Graphene: Has the strongest pseudomagnetic field been generated?

Graphene has once again caused surprises: by merely stretching and compressing nanobubbles of this carbon form, researchers have generated extremely strong pseudo-magnetic fields.

Magnetic Fields Also Change the Behavior of Electrons

In these, electrons behaved as if under the influence of 300 Tesla – more than the strongest magnetic fields ever generated in the laboratory. This method, which has now been published in “Science”, opens up completely new possibilities for specifically influencing the behavior of electrons.

Magnetic fields not only influence metals, they also change the behavior of electrons. Until now, however, it has not been possible to generate stronger magnetic fields than around 85 tesla in the laboratory – and only for fractions of a second. By comparison, magnetic resonance tomographs use a magnetic field of around ten tesla, while the Earth’s magnetic field measures just 31 microtesla at the level of the Earth’s surface.

But now physicists at the University of California at Berkeley and the Lawrence Berkeley National Laboratory (LBNL) have succeeded in making electrons behave in the laboratory in a way that normally only occurs in extremely strong magnetic fields.

Stretching creates Nanobubbles

The effect was discovered by accident during an experiment in which a graduate student “grew” graphene on the surface of a platinum crystal.
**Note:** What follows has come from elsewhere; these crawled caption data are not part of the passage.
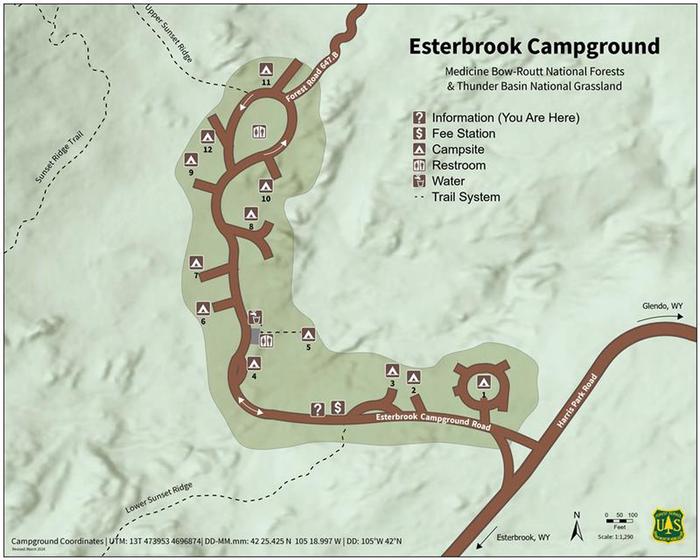 Map detail of Esterbrook Campground sites and amenitiesCampground map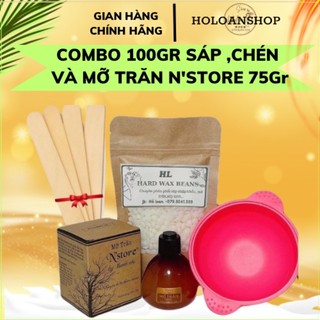 [FRESHIP+QUÀ] Combo 100gr Sáp Wax Lông Nóng Cao Cấp ,Mỡ Trăn ,Chén Silicol Tặng Kèm Que Wax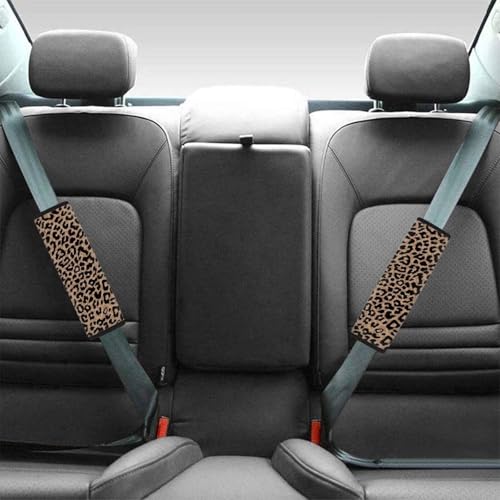 Brown Leopard Print Car Seat Belt Cover Easy to Install 2 Pack Safety Belt Cover Anti-Slip Shoulder Strap Protects Universal Auto Seat Straps for Vehicle, Truck, SUV - color: Brown Leopard Print
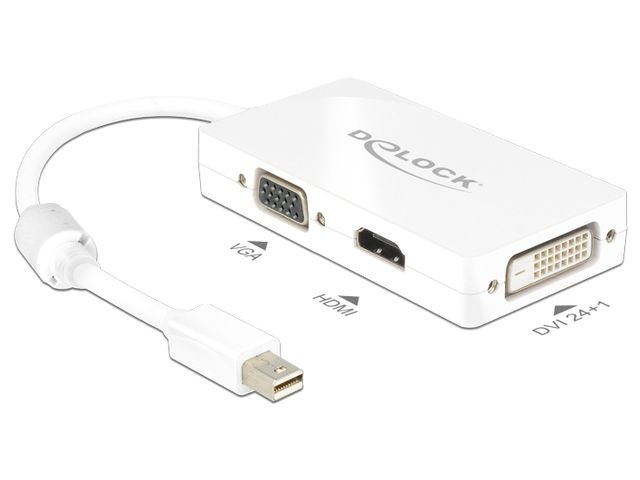 Adapter Displayport 1.2 Mini ->HDMI/VGA/DVI 16cm Biały 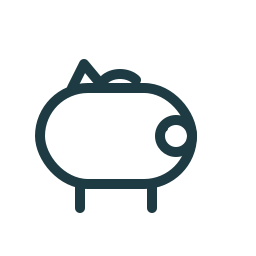 Minimal piggy bank icon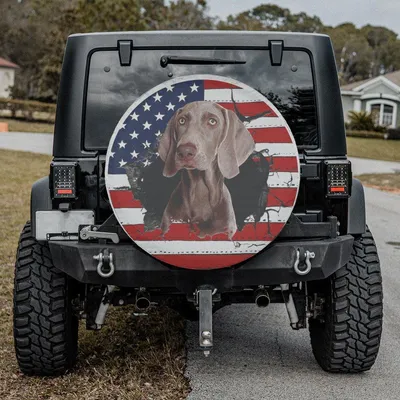 Weimaraner Dog Spare Tire Cover American Flag Tire Wrap Dog Lover Car Tire Wrap Dog Lover Spare Tire Cover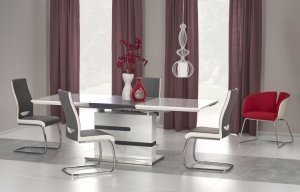 STOC!!! MASA DINING EXTENSIBILA MONACO, ALB/GRI ANTRACIT/CROM, 160/220 CM, BLAT DIN MDF SI PICIOR DIN METAL, STIL MODERN, HALMAR - Img 1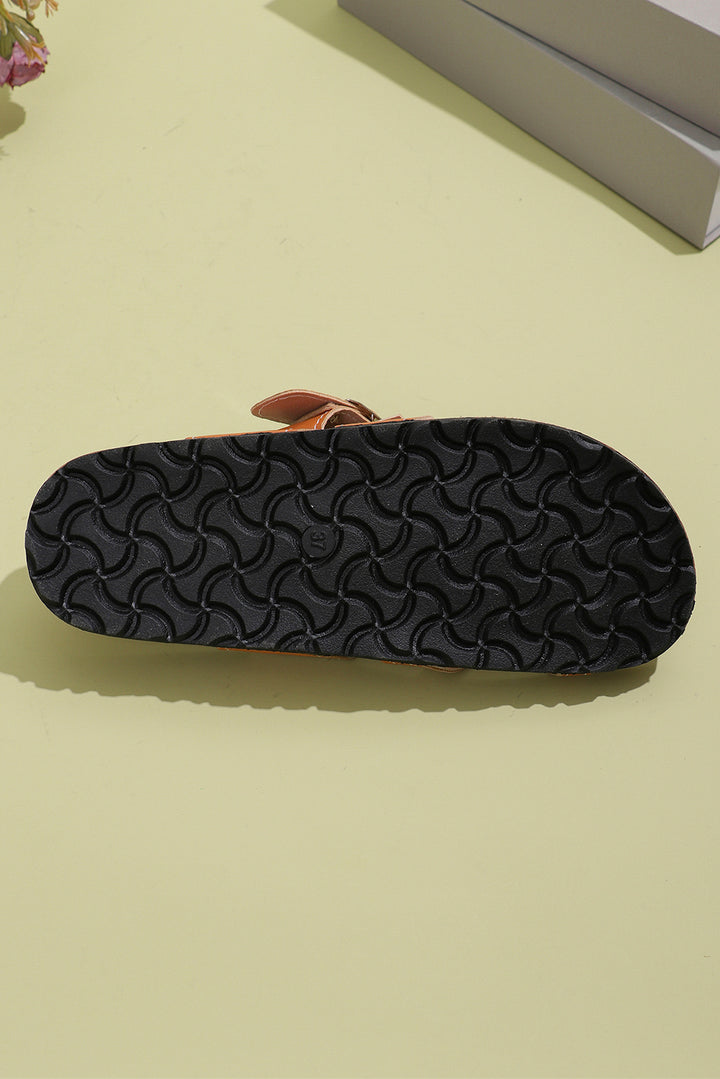Suede Adjustable Strap Toe Ring Outdoor Slippers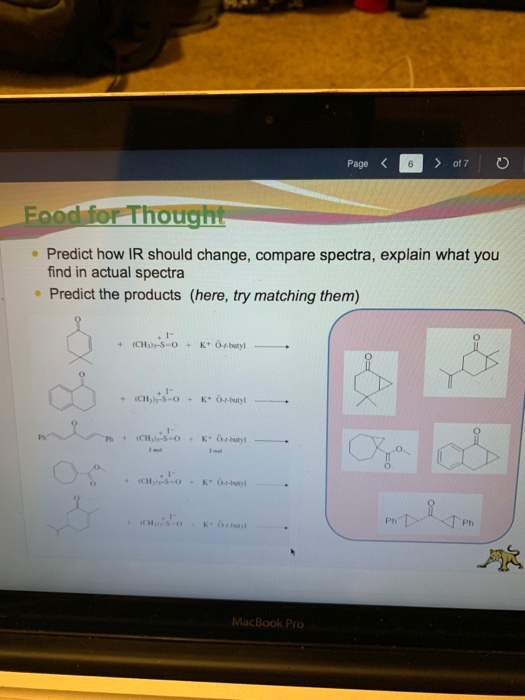 Page6 017 O Fo for Though Predict how IR should change, compare spectra, explain what you find in actual spectra Predict the
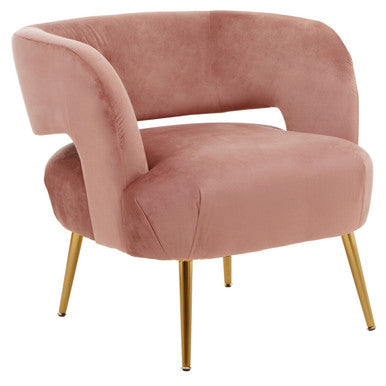 Pink Velvet Curved Accent Chair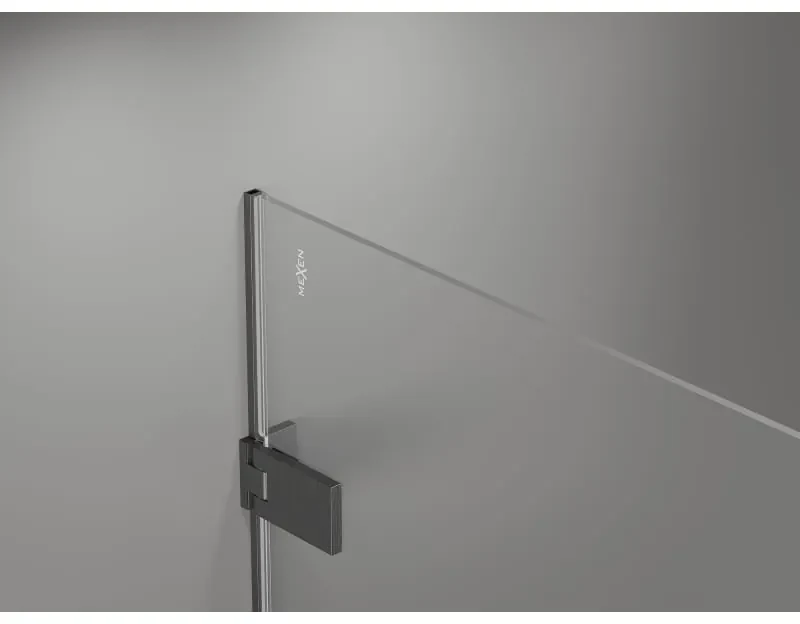 Mexen Lunar-F Duo, sklápací sprchový kút 90 x 80 cm, 8mm číre sklo, profil grafit brúsený, 836-090L-080P-66-00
Graphene is a form of carbon in which the atoms are arranged in a hexagonal formation in a monatomic layer, similar to a chain-link fence.

When grown on platinum, the atoms of graphene do not lie flat on the crystal structure of the metal at all points, thus creating stresses – similar to a rubber skin stretched tightly over an uneven object.

Circling Electrons with Quantized Energies

These tensile stresses create tiny, triangular graphene bubbles four to ten nanometers in size, in which, it turns out, electrons behave in extremely unusual ways. Their energies do not occupy broad regions, as is normally the case with graphene, but are divided into separate, quantized energy blocks a behavior that is otherwise only common in extremely strong magnetic fields.

In magnetic fields, electrons normally move in a spiral around magnetic field lines. In the stretched nanobubbles of graphene, they also showed characteristic circular motions, as if a magnetic field of about 300 tesla were acting perpendicular to the atomic layer of the graphene. But there was no magnetic field – apparently it is a pseudomagnetic field, an effect that, unlike real magnetic fields, affects only the motion of the electrons, not other properties of the particles, such as spin.

New Possibilities for Electron Control

“This gives us new ways to control the motion of electrons in graphene by stretching them, and thus the electronic properties of graphene,” explains Michael Crommie, professor of physics at the University of California at Berkeley and a researcher at LBNL. “By influencing where the electrons gather and at what energy, we can make them move more easily or less easily through the graphene, in principle controlling its conductivity, optical and microwave properties. Controlling electron movement is an essential part of any electronic device.”

“Observing these massive pseudo-magnetic fields opens a door to room-temperature ‘spraintronics’ – the idea of using mechanical deformations in graphene to tailor its behavior for various electronic applications,” Crommie continued. In addition to the practical applications of this discovery, the researchers now want to test how this unusual property of graphene can be used to observe the behavior of electrons under field strengths that have never before been generated under laboratory conditions. “When you amplify a magnetic field, you start to see very interesting behavior because the electrons then spin in tiny circles,” Crommie explains. “This effect gives us a whole new way to trigger this behavior, even in the absence of a real magnetic field.”

Effect already Predicted Theoretically

Interestingly, researchers from Spain, the Netherlands and the United Kingdom had already theoretically predicted this very effect – which they christened the “pseudo-quantum Hall effect.” “Theorists often come up with ideas and explore them theoretically before experiments are done, and sometimes they come up with predictions that seem a little crazy at first,” Crommie said. “The exciting thing is that we now have data showing that these ideas are not so crazy.”